Im Forum kommentieren

Jerry Garcia

2018-09-28 21:55:05

Das Album ist wirklich ein richtiger "Grower". Bei jedem Durchgang fallen einem andere Kleinigkeiten auf. Mir hängt "Sail on Through" seit Tagen im Ohr.


Empfehlenswert ist auch "Live At The Royal Albert Hall".

ExplodingHead

2018-09-20 16:11:03

Ja, an die "Ladies and Gentlemen..." wird Jason nicht mehr rankommen; trotzdem ist es wieder ein solides Spiritualized-Album.

XTRMNTR

2018-09-18 20:38:10

Mich packt es, wie die letzten Alben, leider nicht komplett. Mir fehlt da einfach der Noise.
Höre momentan wieder die „Ladies and Gentleman...“.
Ein Jahrhundertalbum in meinen Augen.
Werden sie nicht mehr toppen können.
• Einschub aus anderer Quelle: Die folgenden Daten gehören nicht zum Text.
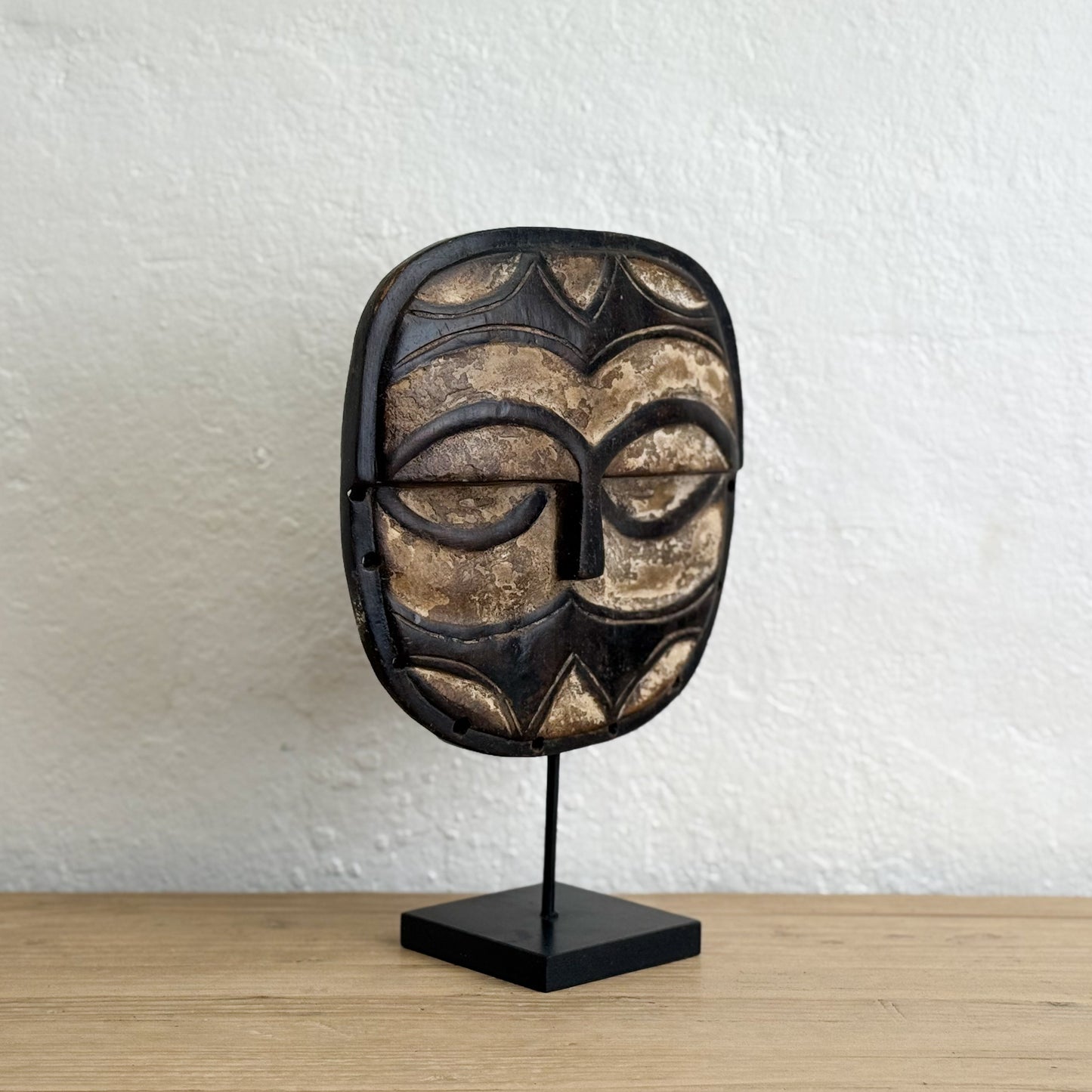 African mask on a stand against a white textured wall.
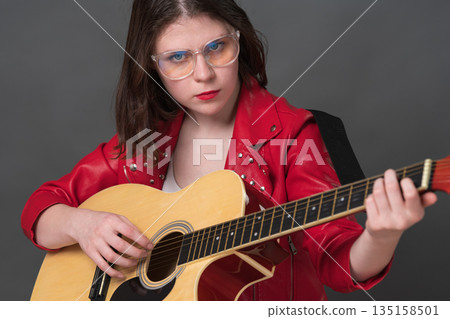 Close-up view of female guitarist strumming strings of her classical acoustic guitar while looking directly at camera. Stylish musician is young Caucasian woman wearing glasses and red leather jacket 135158501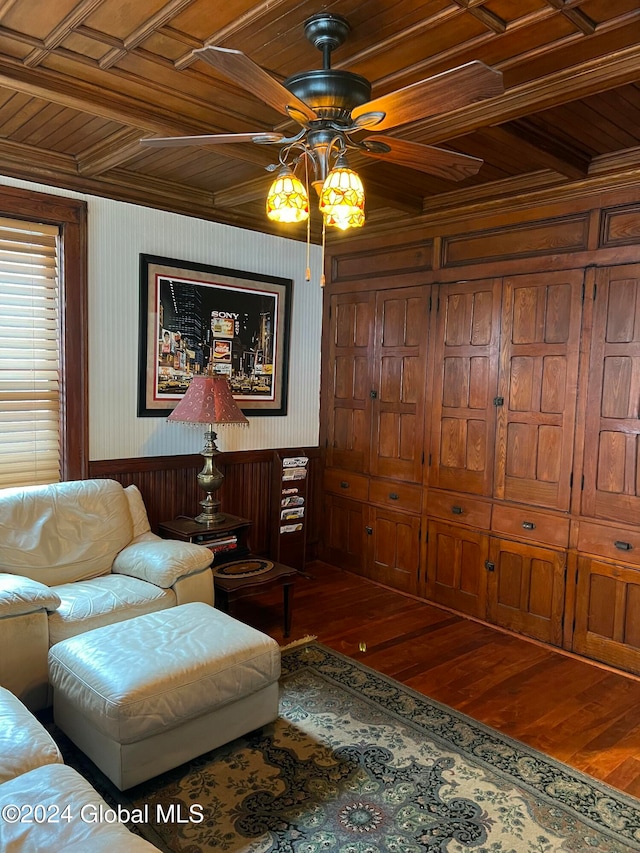 living room with ceiling fan, hardwood / wood-style floors, wooden ceiling, and wooden walls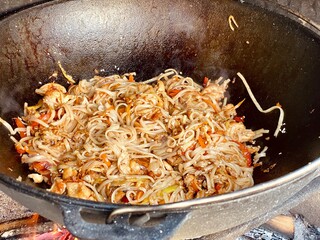 noodles with chicken are fried in a pan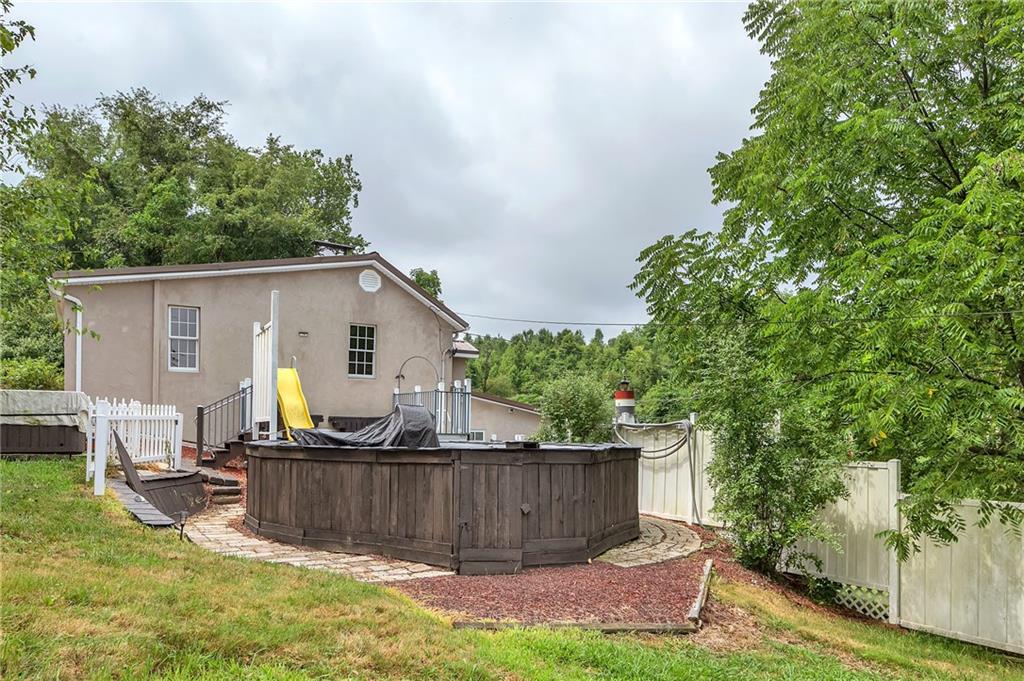 2665 Berlin Farm Road Export, PA 15632 - Photo 8 of 39 a view of a house with backyard and sitting area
Aber ist ja auch eigentlich völlig ok.

ExplodingHead

2018-09-18 15:33:47

Fands auf Anhieb gut - und es wächst noch, bei jedem Hören. Schade, dass sich Jason live hierzulande so rar macht...

Amused

2018-09-11 22:40:45

Hm, die Review bei Pitchfork liest sich bisschen so, als sei die Wertung redaktionell mal wieder deutlich nach unten korrigiert worden. Schade drum, wahrscheinlich mein Gitarrenalbum des Jahres.